What a howler! Police investigation into crime is not like buying homeware in the market. Police investigation into crime, under the Code of Criminal Procedure, is carried out with a view to eliciting evidence to prove the case in a court of law. This generally entails surveillance, engagement of informants, meticulous search of the scene of crime for contact evidence and a host of other evidence depending on the nature of the crime, interrogation of suspects and gleaning the statements of suspects and witnesses etc. until a breakthrough is made. As to when and where the breakthrough is made cannot be forecast. In this scenario, it would take an ignoramus to state that the investigation will be completed soon.

The public stand in awe as they have waited for so long in disquiet for action from that fateful Easter day. Much has happened. And much has not happened over the time to check progress of action in the case. Along with the normal law, a Presidential Commission (PC) has been looking into the same matter with the same witnesses and evidence, in parallel. The effect of the latter on the regular crime investigation is not clear. The Attorney General (AG) has, however, to consider the relevance of the PC proceedings on the crime investigation to determine indictment. There is quite a mix of issues for the AG to consider in making progress of action in the case.
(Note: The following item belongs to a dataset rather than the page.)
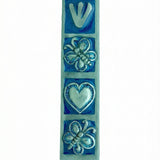 Decorative blue butterfly mezuzah made of pewter with enamel accents, featuring floral and butterfly motifs, ideal for home doorways.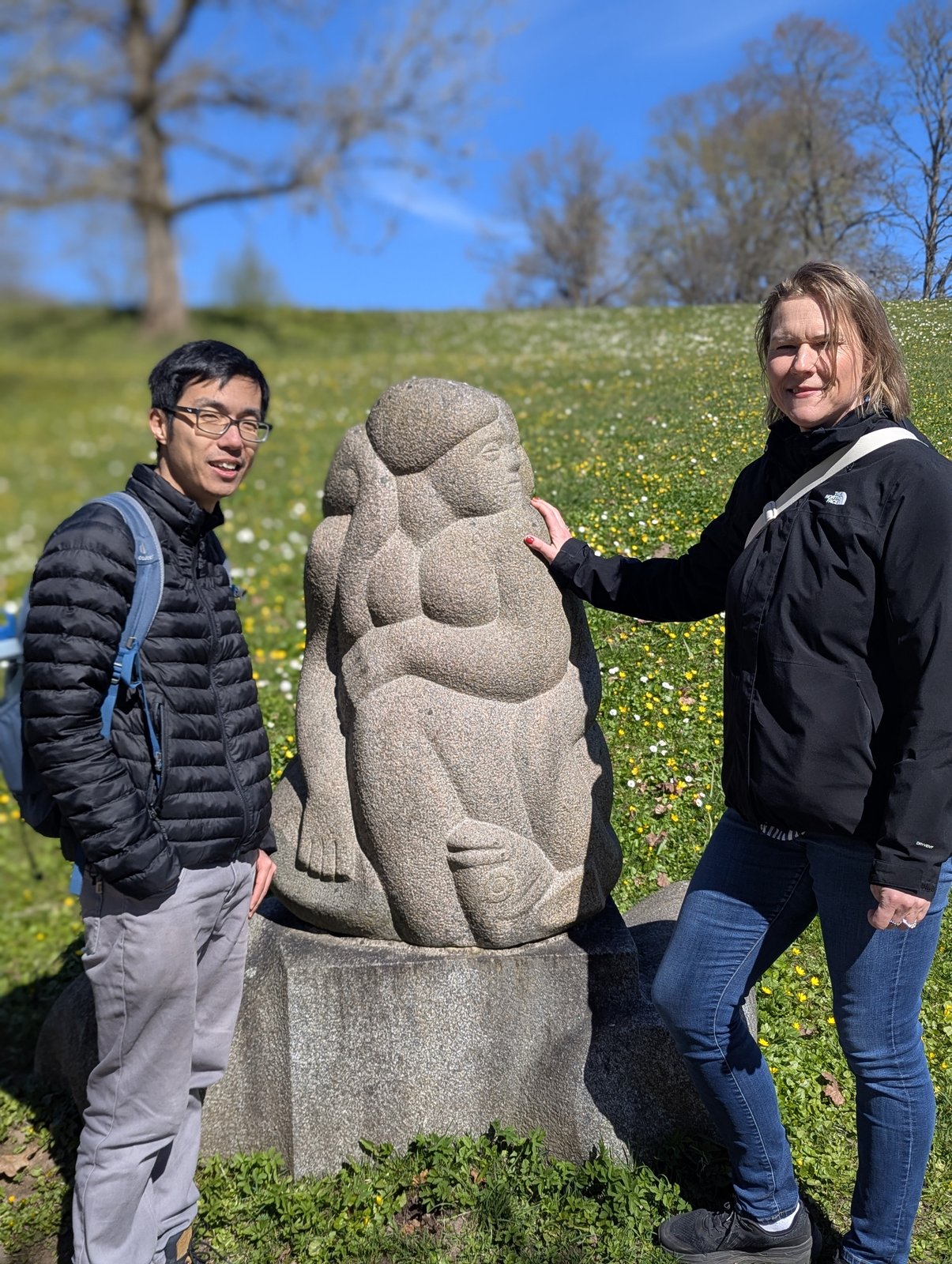 Daiga and a guest beside the seated mother-and-child sculpture at the Hill of Dainas, Turaida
Into the jumble steps in the minister, unabashed and brazen. The public keep watching with anxiety. The point of this article is based on the questions the public ask in whispers. The action of the minister, loudly announced, has the re-echoing sound of a Fast Action craft (FAC) in his search of progress. This may not ring well with the AG whose degree in law and jurisprudence will not be able to deal with a FAC approach. There may not be the even keel. It is not clear then how the minister will figure out the progress he is looking for, and with what competence! In the end, the meeting will end up in nothing that Minister Weerasekera can report back to Parliament.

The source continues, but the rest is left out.